My problem is the following:

Usually in my tables (from either proc freq/tabulate) some cells contain very low observations. I'm not allowed to print these out due to "legal" reasons (since the people in my sample data have to be anonymous, table of workplace adress could in theory find who the person is, if only 1 person work at the workplace).

Using the above example, I usually make a new dataset containing a list of workplaces with more then 5 observations (make a new variable called "maxcount") from the original dataset, and than merge this back and write something like:

data X; set X_original; where maxcount_workplace>5; run;

In order to get a table with workplaces with more than 5 employees.

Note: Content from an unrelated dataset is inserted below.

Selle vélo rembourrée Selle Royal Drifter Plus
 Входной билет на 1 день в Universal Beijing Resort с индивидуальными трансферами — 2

This is quite time consuming (even with a copy/paste of the syntax approach).

I heard that making a picture format could give me the same result e.g. changing the actual result/cells in a table giving some conditions (something like: if "cell value in a table"<=5 then replace with " -/missing/something else ".)

I hope the above is less confusing than it probably is, but I really would appreciate it if someone can tell me of it is possible with a picture format to do the above.

Regards

Dan

1 ACCEPTED SOLUTION

Accepted Solutions
VX_Xc
Calcite | Level 5

Proc Format;

      Value LFive

            0 -< 5 = 'Something Else';

run;

proc tabulate data = sashelp.shoes FORMAT = LFive.;

      class region subsidiary;

      var stores;

      table  subsidiary ALL, MEAN*region*stores;

run;

Make the Format such as above first then add it to your proc tabulate statement.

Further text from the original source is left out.